| Task prompt |
Your answer must be the line containing "View of Goult, a" and each following line to the end of the listing below, copied exactly, with pictures removed and nothing added.

Start of Exercise material

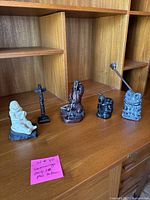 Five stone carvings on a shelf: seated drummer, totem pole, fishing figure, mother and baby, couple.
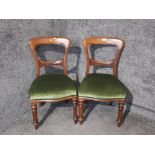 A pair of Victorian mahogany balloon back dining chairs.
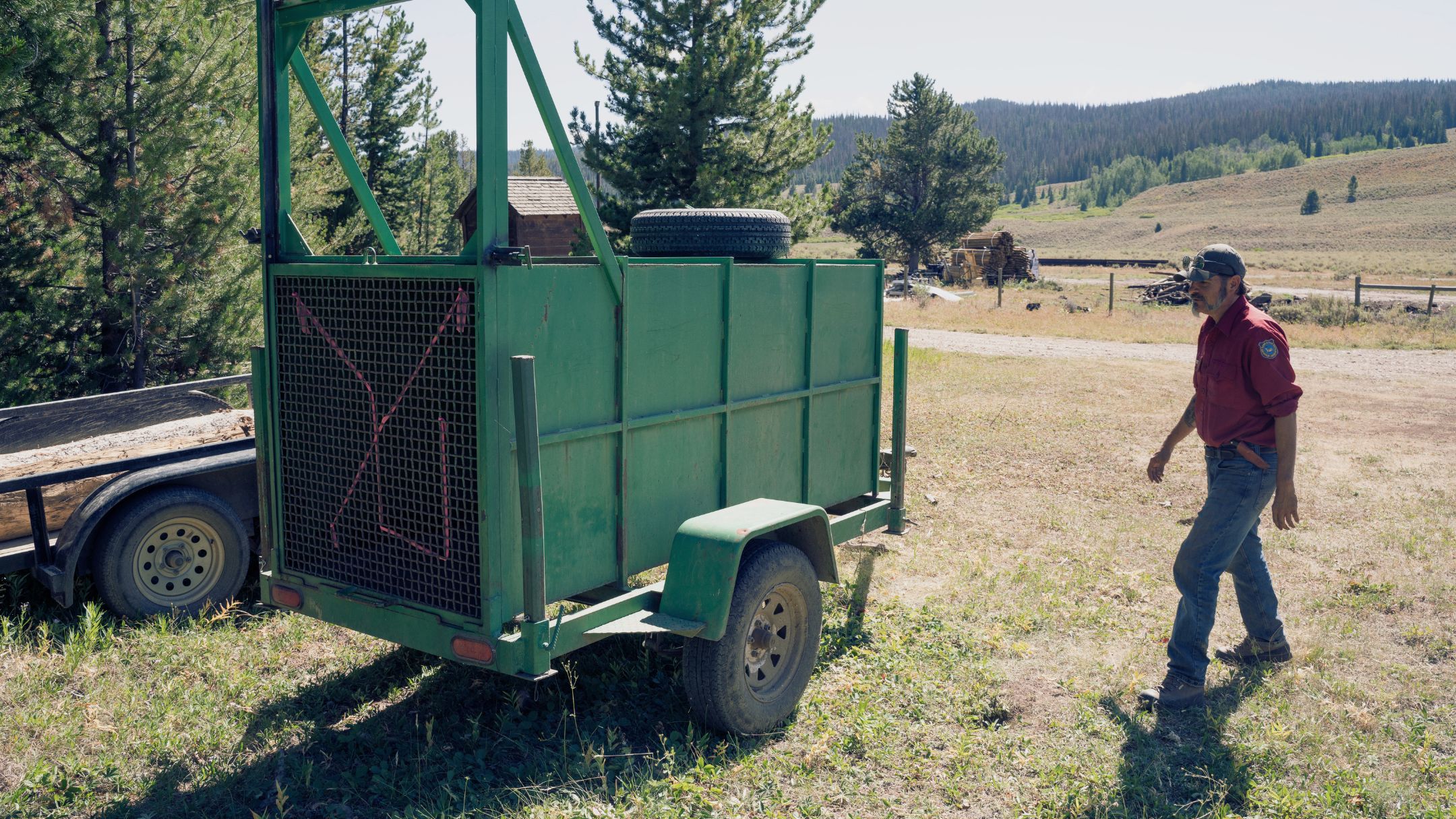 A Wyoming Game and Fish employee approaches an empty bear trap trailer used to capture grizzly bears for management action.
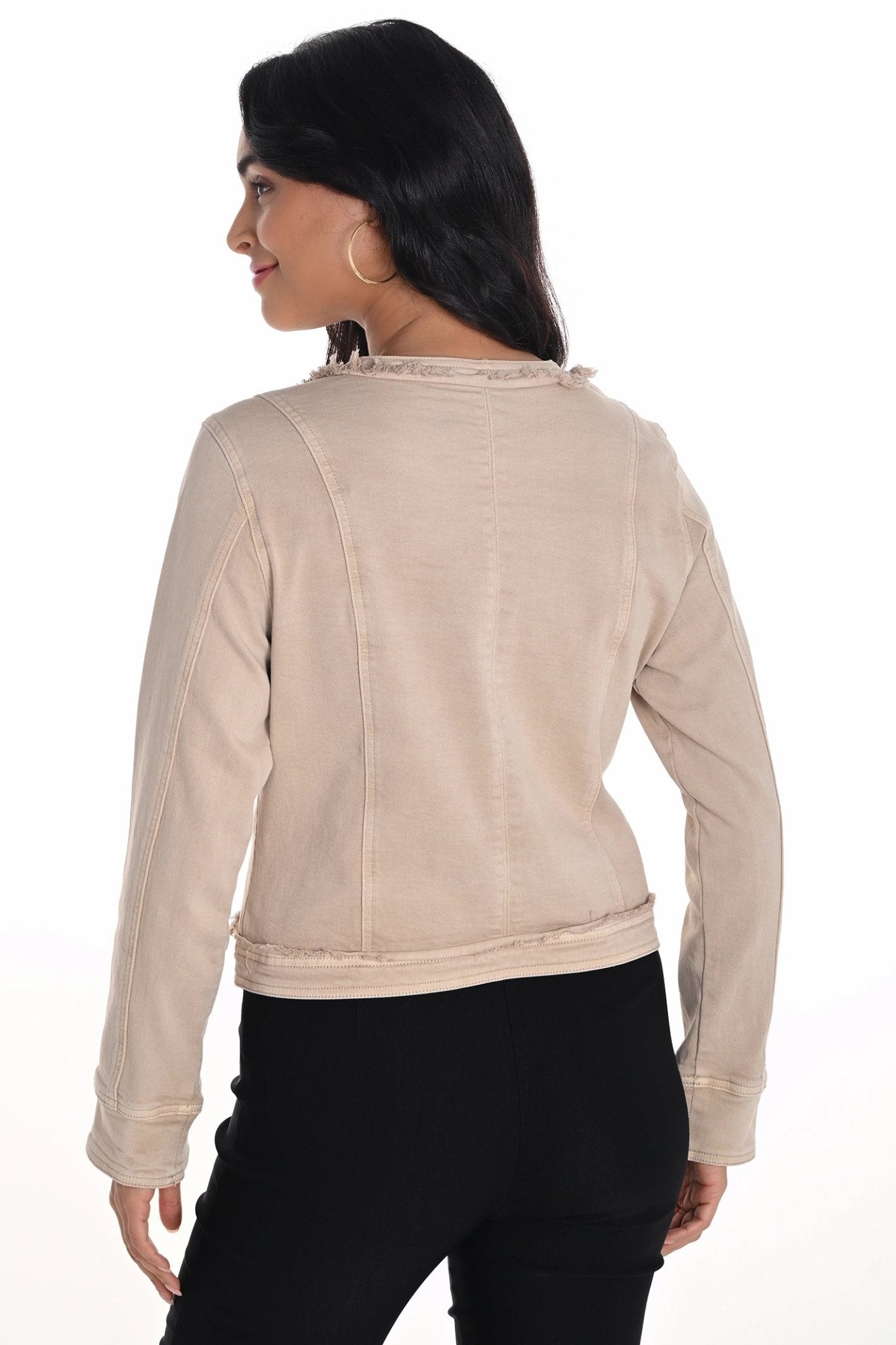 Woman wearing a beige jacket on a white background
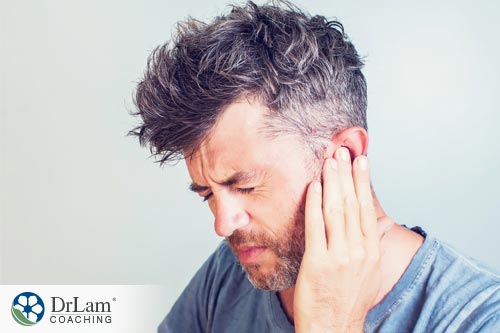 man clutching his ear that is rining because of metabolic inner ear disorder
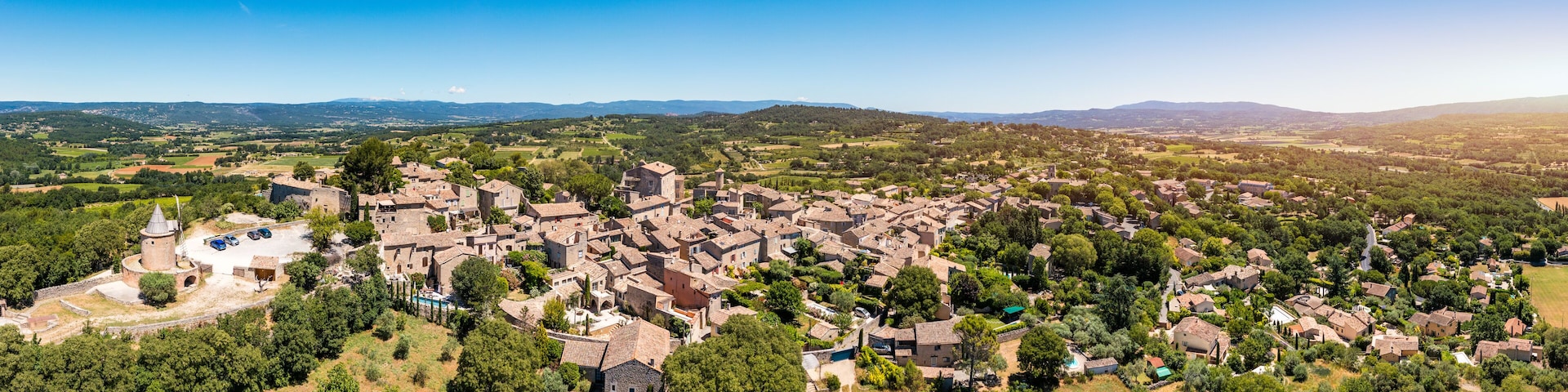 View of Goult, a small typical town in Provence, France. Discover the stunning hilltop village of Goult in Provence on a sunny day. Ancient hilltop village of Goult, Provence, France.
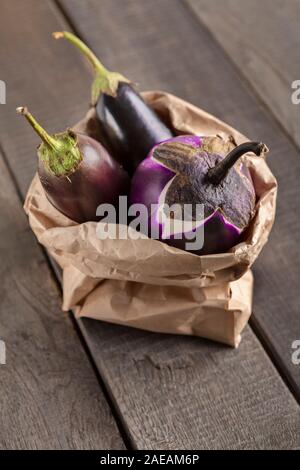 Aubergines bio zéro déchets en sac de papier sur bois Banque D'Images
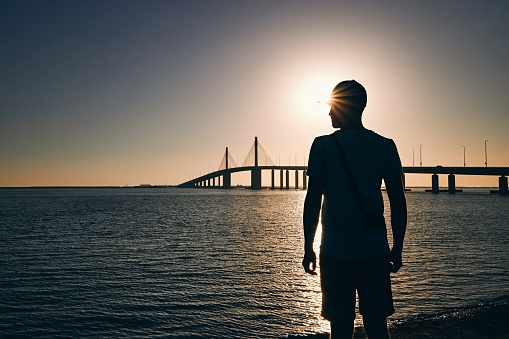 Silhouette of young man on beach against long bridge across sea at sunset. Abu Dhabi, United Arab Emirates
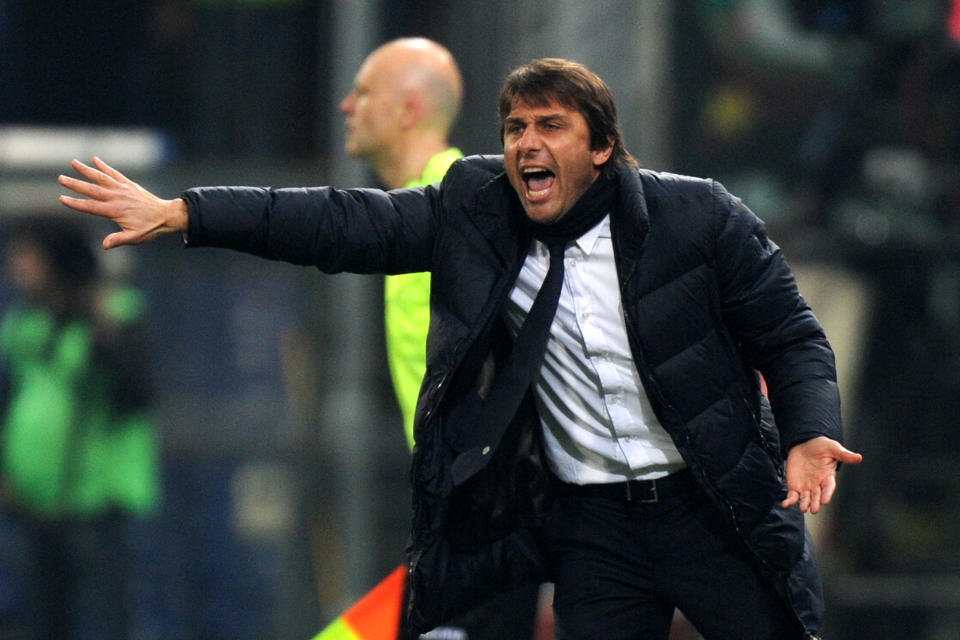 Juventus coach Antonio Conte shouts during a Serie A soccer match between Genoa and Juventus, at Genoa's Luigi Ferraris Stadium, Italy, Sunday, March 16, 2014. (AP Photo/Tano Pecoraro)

End of Exercise material

| Answer space |
 View of Goult, a small typical town in Provence, France. Discover the stunning hilltop village of Goult in Provence on a sunny day. Ancient hilltop village of Goult, Provence, France.
 Aubergines bio zéro déchets en sac de papier sur bois Banque D'Images
 Silhouette of young man on beach against long bridge across sea at sunset. Abu Dhabi, United Arab Emirates
 Juventus coach Antonio Conte shouts during a Serie A soccer match between Genoa and Juventus, at Genoa's Luigi Ferraris Stadium, Italy, Sunday, March 16, 2014. (AP Photo/Tano Pecoraro)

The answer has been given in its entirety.